7 Mann-Whitney U test
This test also compares two samples, however for this test (in contrast to Student’s t-test) we don’t have to assume that the parent distributions are normally distributed. In order to compare the medians of the two groups we do still need the parent distributions (and consequently the samples) to both have the same shape and variance. In this test we look to see if the medians of the two parent distributions differ significantly from each other.
7.2 Data and hypotheses
Again, we use the rivers
dataset. We want to test whether the median body length of male guppies differs between samples.
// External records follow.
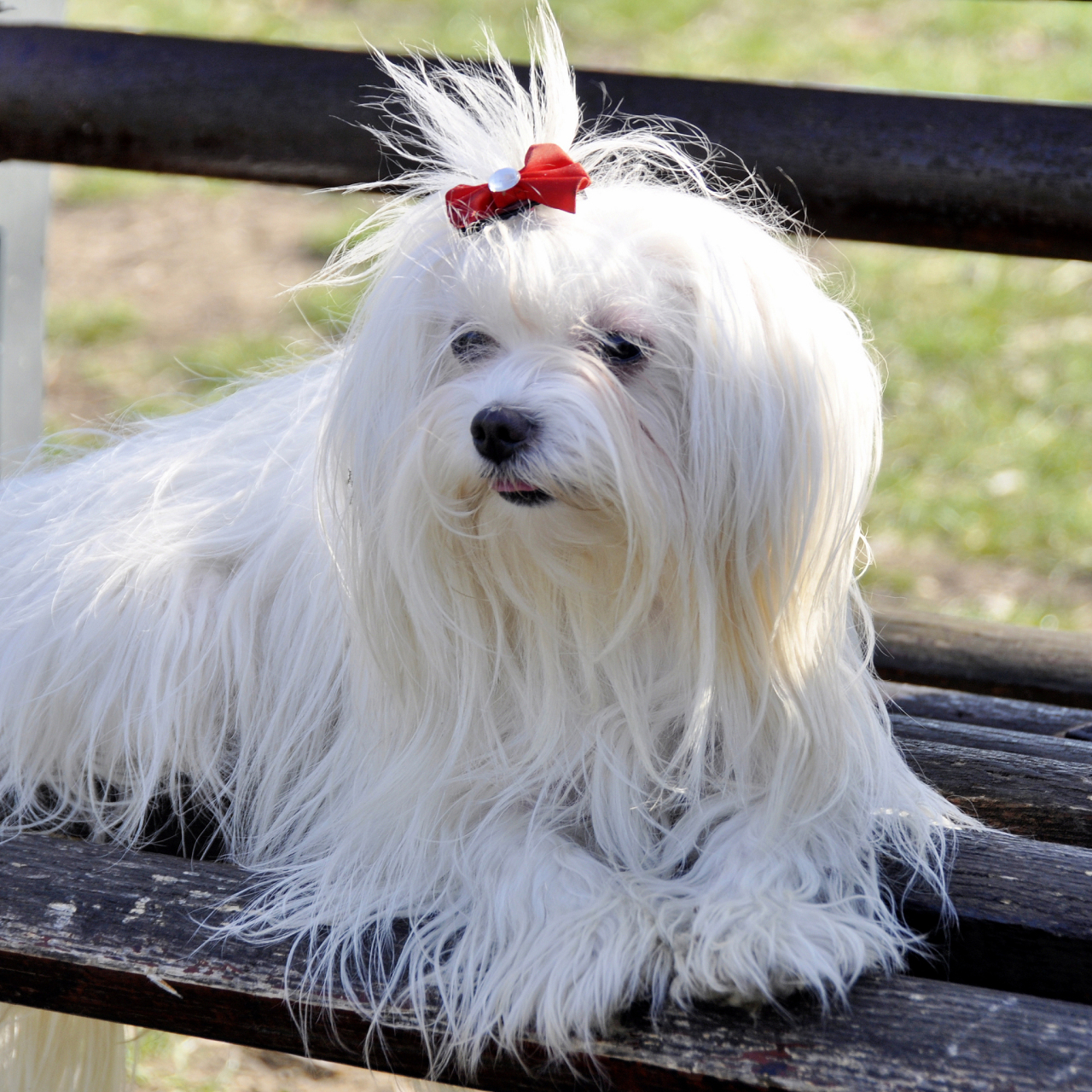 最初仅仅存在于澳洲和印度,过去被称为"悉尼丝毛梗"(sydney silky),是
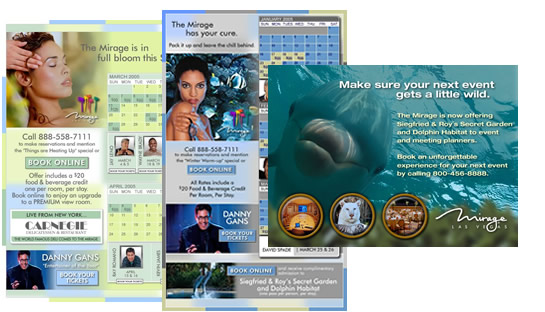 Web Design & Brand Development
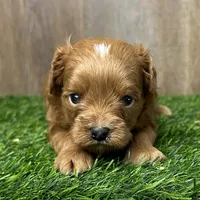 Cooper, a male Cavapoo for sale in Sullivan, IL – Photo 1 of 2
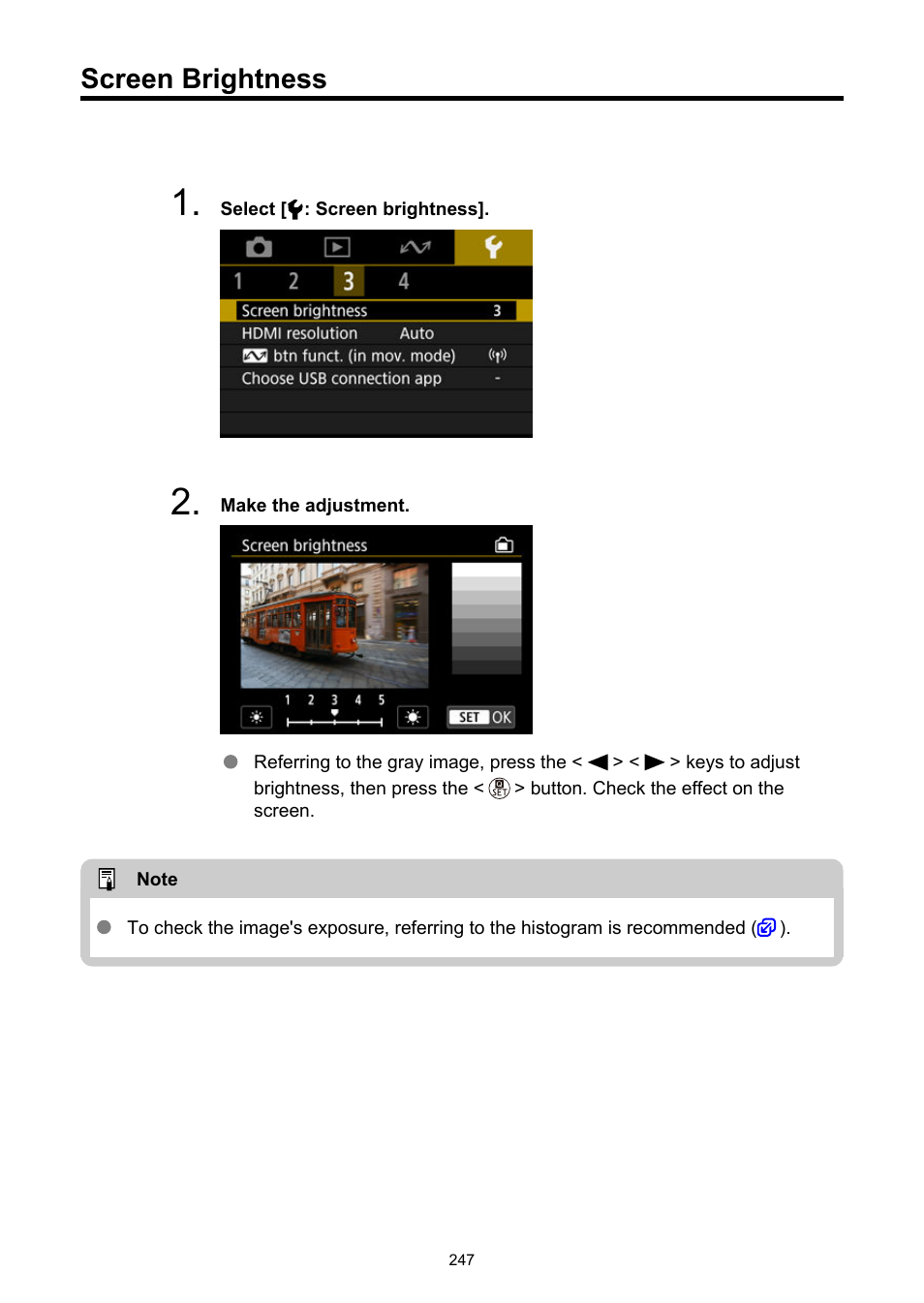 Screen brightness | Canon PowerShot V10 Vlog Camera (Black) User Manual | Page 247 / 288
We form the following null and alternative hypotheses:
- \(H_0\): The difference in median body length between the two groups is 0 \((\mu A - \mu G = 0)\)
- \(H_1\): The difference in median body length between the two groups is not 0 \((\mu A - \mu G \neq 0)\)
We use a two-tailed Mann-Whitney U test to see if we can reject the null hypothesis.
7.3 Summarise and visualise
We did this in the previous section.
7.5 Implement test
Perform a two-tailed, Mann-Whitney U test:
rivers %>%
wilcox_test(length ~ river,
alternative = "two.sided")
## # A tibble: 1 × 7
## .y. group1 group2 n1 n2 statistic p
## * <chr> <chr> <chr> <int> <int> <dbl> <dbl>
## 1 length Aripo Guanapo 39 29 841 0.000646
- The first argument must be in the formula format:
variable ~ category
- The second argument gives the type of alternative hypothesis and must be one of
two.sided
,greater
orless
7.6 Interpret output and report results
You may get a warning message in the console stating cannot compute exact p-value with ties
. This just means that some of the data points have exactly the same value which affects the internal mathematics slightly. However, given that the p-value is so very small, this is not something that we need to worry about.
- The first 5 columns give you information on the variable (
.y.
), groups and sample size of each group - The
statistic
column gives the t-value of 841 (we need this for reporting) - The
p
column gives us a p-value of 0.0006464.
Given that the p-value is less than 0.05 we can reject the null hypothesis at this confidence level. Again, the p-value on the 3rd line is what we’re most interested in. Since the p-value is very small (much smaller than the standard significance level) we choose to say “that it is very unlikely that these two samples came from the same parent distribution and as such we can reject our null hypothesis”.
To put it more completely, we can state that:
A Mann-Whitney test indicated that the median body length of male guppies in the Guanapo river (18.8 mm) differs significantly from the median body length of male guppies in the Aripo river (20.1 mm) (W = 841, p = 0.0006).
7.7 Exercise
Exercise 7.1 Analyse the turtle dataset from before using a Mann Whitney test.
We follow the same process as with Student’s t-test.
Answer
7.7.1 Hypotheses
\(H_0\) : male median \(=\) female median
\(H_1\) : male median \(\neq\) female median
7.7.3 Assumptions
We’ve already checked that the variances of the two groups are similar, so we’re OK there. Whilst the Mann-Whitney test doesn’t require normality or symmetry of distributions it does require that the distributions have the same shape. In this example, with just a handful of data points in each group, it’s quite hard to make this call one way or another. My advice in this case would be say that unless it’s obvious that the distributions are very different we can just allow this assumption to pass, and you’re only going see obvious differences in distribution shape when you have considerably more data points than we have here.
7.7.4 Carry out a Mann-Whitney test
turtle %>%
wilcox_test(serum ~ sex,
alternative = "two.sided")
## # A tibble: 1 × 7
## .y. group1 group2 n1 n2 statistic p
## * <chr> <chr> <chr> <int> <int> <dbl> <dbl>
## 1 serum Female Male 6 7 26 0.534
This gives us exactly the same conclusion that we got from the two-sample t-test i.e. that there isn’t any significant difference between the two groups.
A Mann-Whitney test indicated that there wasn’t a significant difference in the median Serum Cholesterol levels between male and female turtles (W = 26, p = 0.534)